(Exercise prompt): The required output is the stretch from the line containing "海鲜菇丝瓜肉末汤的做法图解3" through the line containing "Superior Electric BP30WT-1" in the records below, unaltered and with no pictures.

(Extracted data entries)
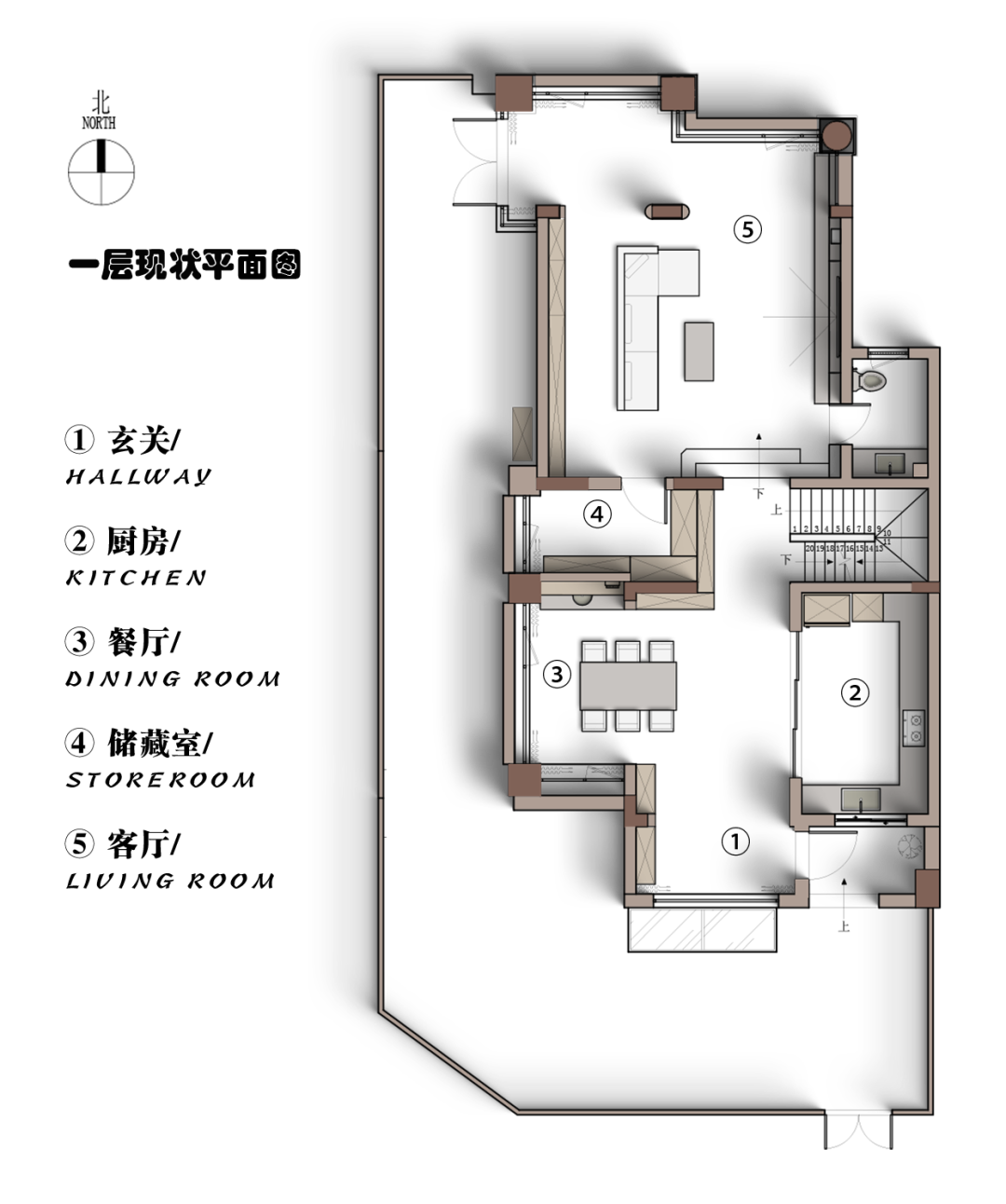 黑白重构,400㎡四层别墅的极简新生丨北岩-55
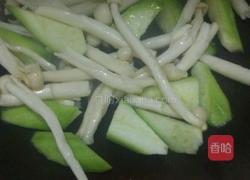 海鲜菇丝瓜肉末汤的做法图解3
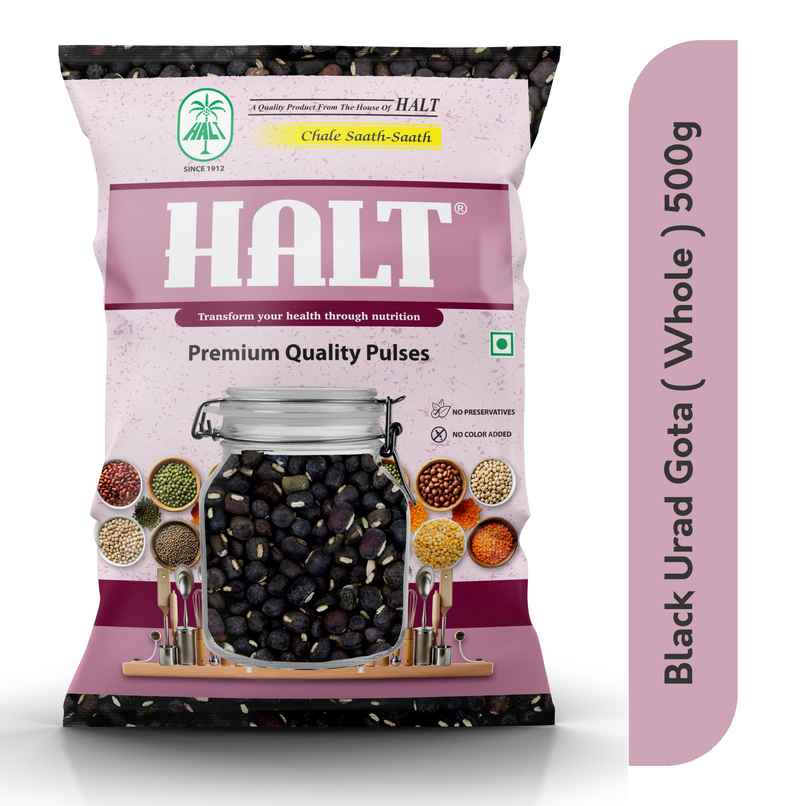 Halt Black Urad Whole Gota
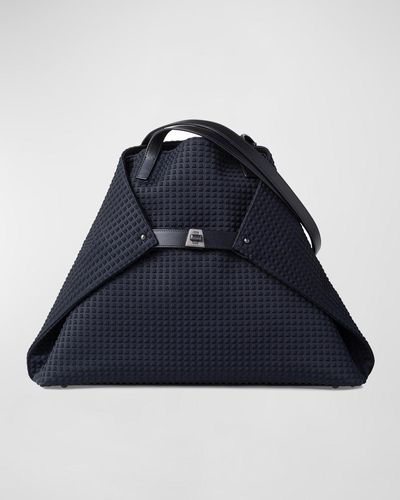 Akris Ai Medium Techno Fabric Shoulder Bag - Blue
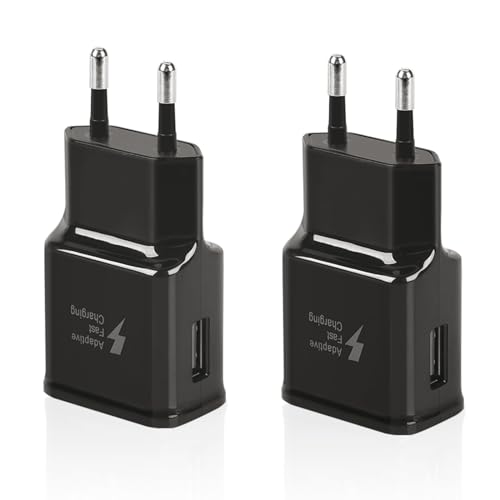 2er Pack USB Ladegerät Kompatibe mit Samsung Galaxy S22 S21 S20 S10 S9 S8 Plus S7 A03 a04s A13 A14 a15 A34 A53 A54 A55 Note 9/8 und Andere Smartphones, Schnellladegerät Netzteil Schnellladestecker 2er Pack USB Ladegerät Kompatibe mit Samsung Galaxy S22 S21 S20 S10 S9 S8 Plus S7 A03 a04s A13 A14 a15 A34 A53 A54 A55 Note 9/8 und Andere Smartphones, Schnellladegerät Netzteil Schnellladestecker von Mijun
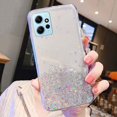 thumbnail image 1 of Para Xiaomi Redmi Note 12 Pro Plus Turbo 12Pro + Note12Pro Note12 4G 5G Funda De Silicona Simple TPU Transparente Con Purpurina De Estrella Ultrafina, 1 of 4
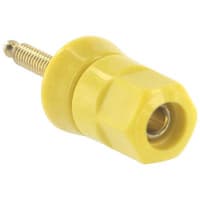 Superior Electric BP30WT-1 PKG Single; Standard Nut; 30 A; 1000 V; Gold Plated Brass; White; Hex Binding Post 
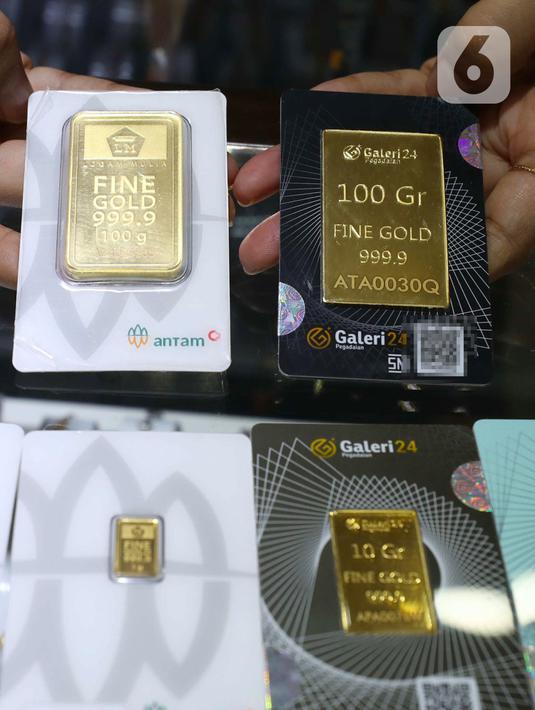 Sementara untuk harga buyback atau harga jual kembali, turun Rp3.000 menjadi Rp1.255.000 per gram. (Liputan6.com/Angga Yuniar)
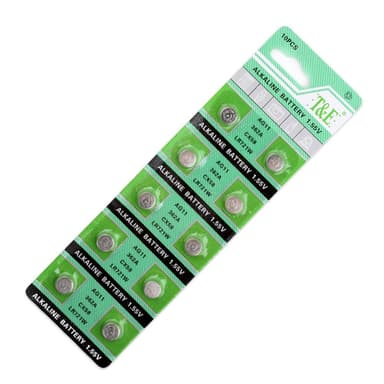 Alkalisk Knappcellbatteri SR58 / V362 / AG11 Storpack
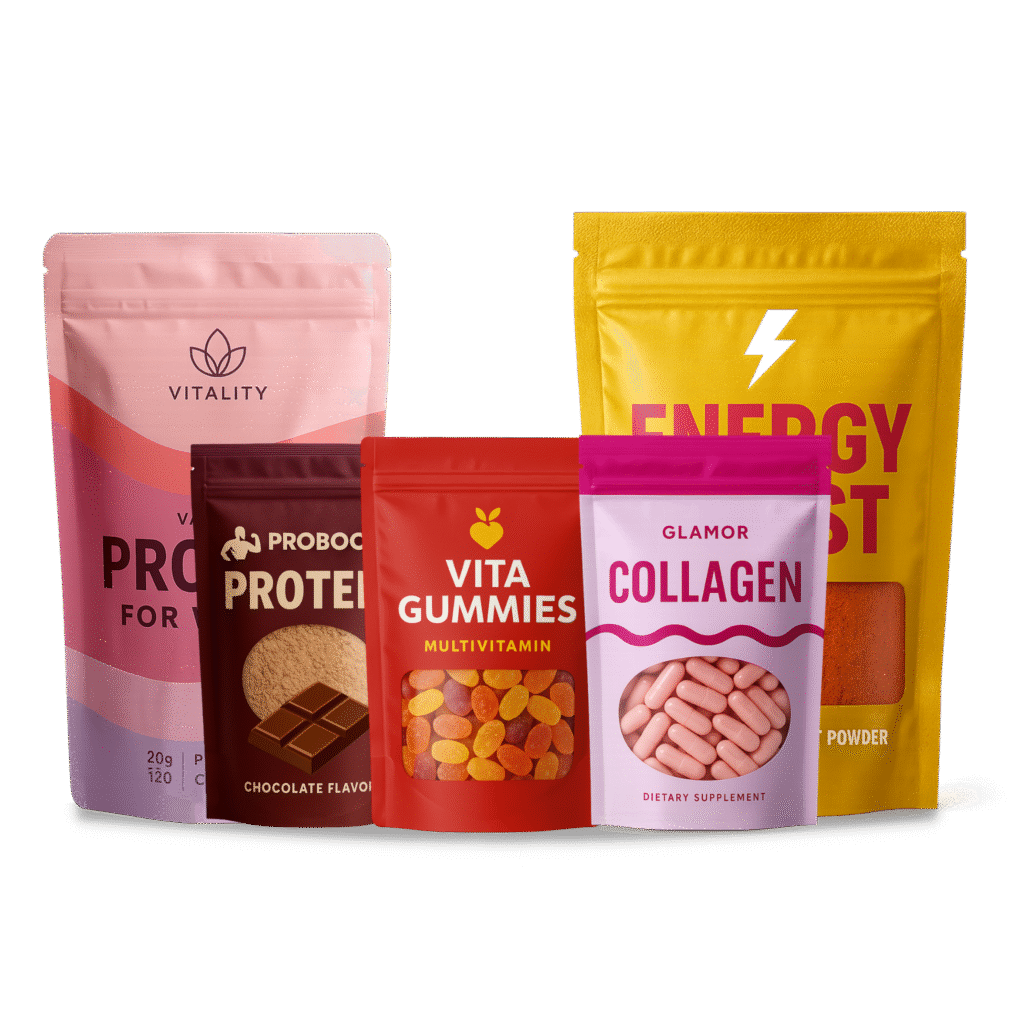 empaques flexibles suplementos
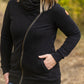 Quinn ZipUp Cowl - Black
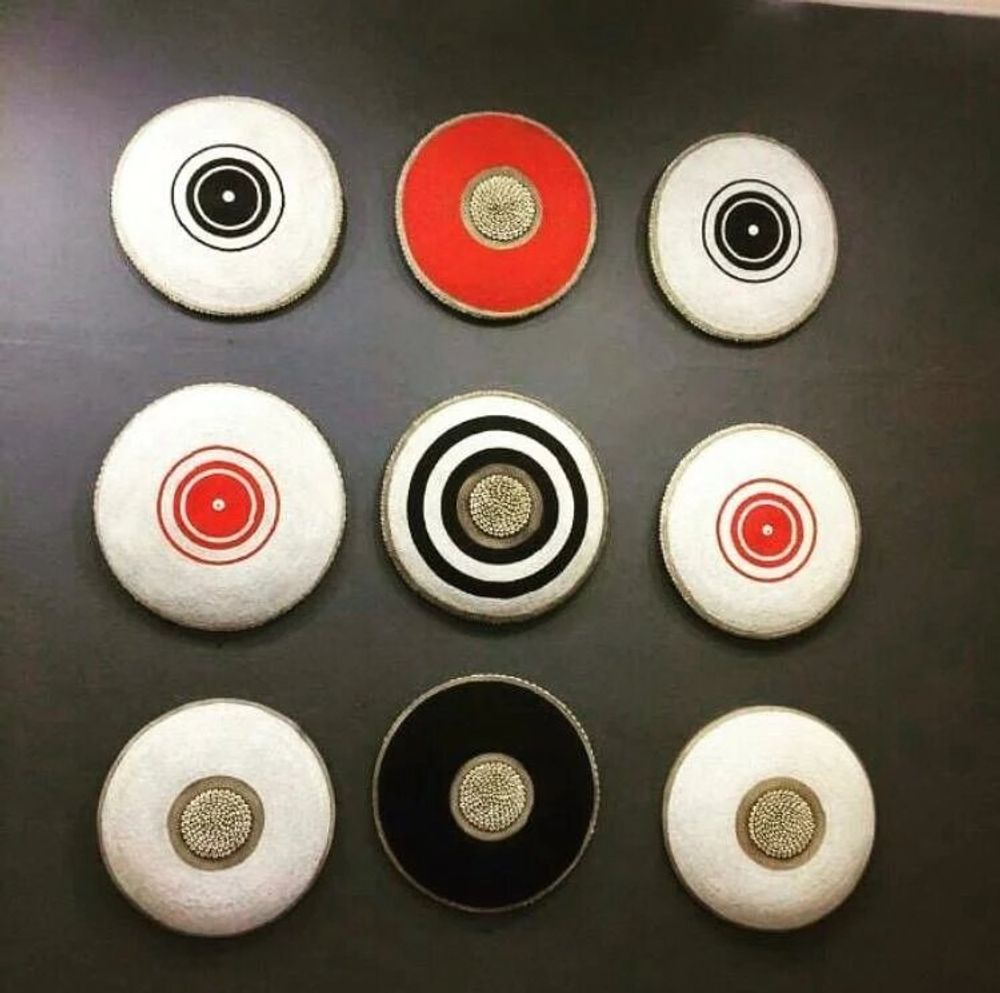 Objets de décoration - Bouclier en perle ou bouclier ou objet de décoration ou accessoires décoratifs - HOME DECOR FR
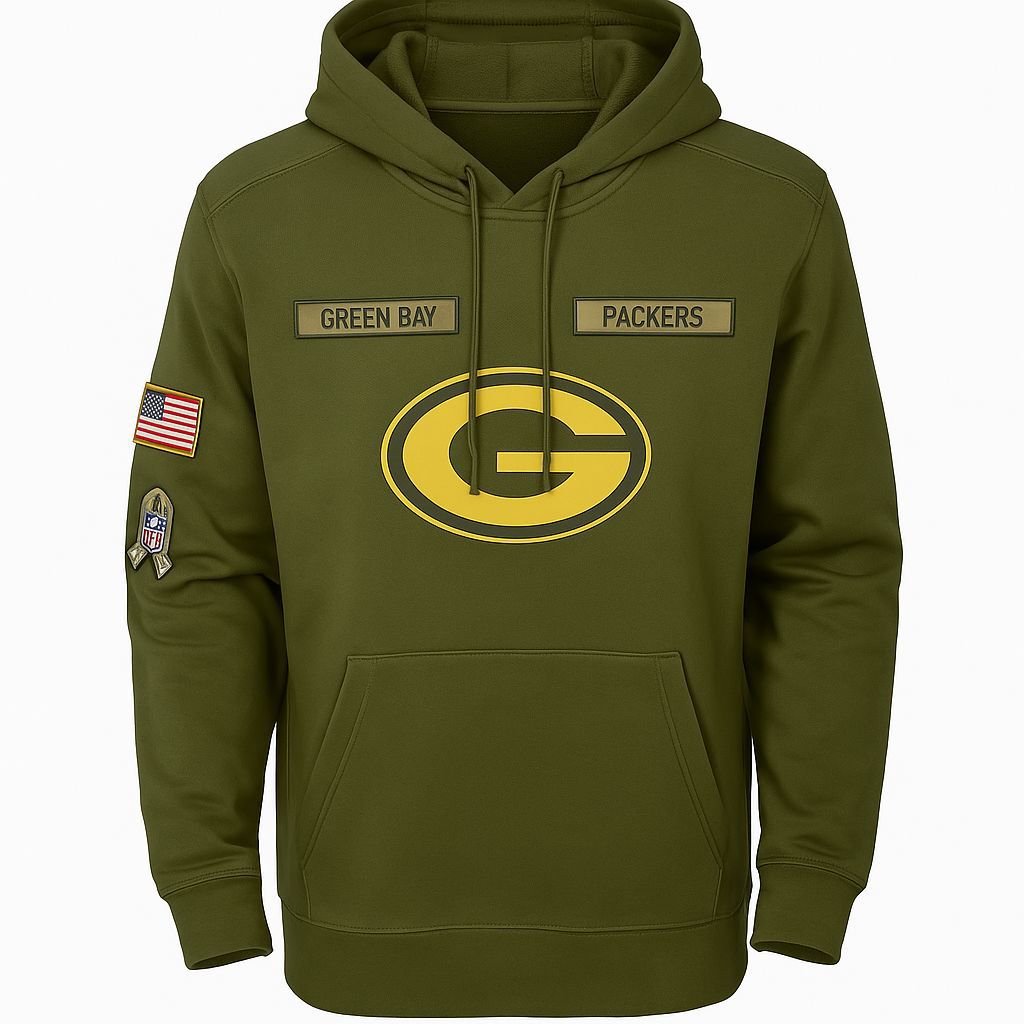 JACKET NFL UNISEX EQUIPO PACKERS COLOR VERDE OLIVO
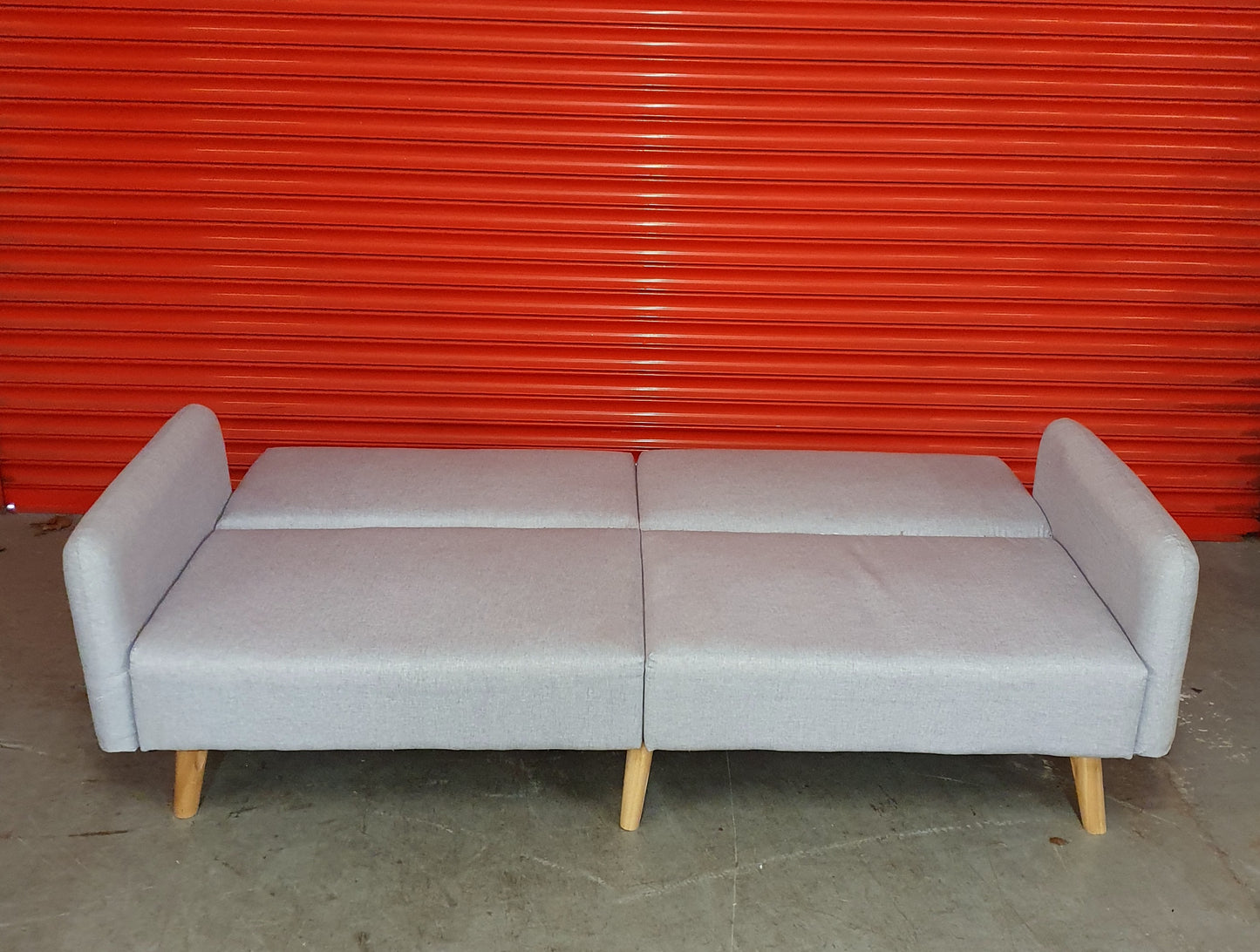 Grey Modern Click-Clack 2 Seater Sofa Bed - 103727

(Your solution):
 海鲜菇丝瓜肉末汤的做法图解3
 Halt Black Urad Whole Gota
 Akris Ai Medium Techno Fabric Shoulder Bag - Blue
 2er Pack USB Ladegerät Kompatibe mit Samsung Galaxy S22 S21 S20 S10 S9 S8 Plus S7 A03 a04s A13 A14 a15 A34 A53 A54 A55 Note 9/8 und Andere Smartphones, Schnellladegerät Netzteil Schnellladestecker 2er Pack USB Ladegerät Kompatibe mit Samsung Galaxy S22 S21 S20 S10 S9 S8 Plus S7 A03 a04s A13 A14 a15 A34 A53 A54 A55 Note 9/8 und Andere Smartphones, Schnellladegerät Netzteil Schnellladestecker von Mijun
 thumbnail image 1 of Para Xiaomi Redmi Note 12 Pro Plus Turbo 12Pro + Note12Pro Note12 4G 5G Funda De Silicona Simple TPU Transparente Con Purpurina De Estrella Ultrafina, 1 of 4
 Superior Electric BP30WT-1 PKG Single; Standard Nut; 30 A; 1000 V; Gold Plated Brass; White; Hex Binding Post 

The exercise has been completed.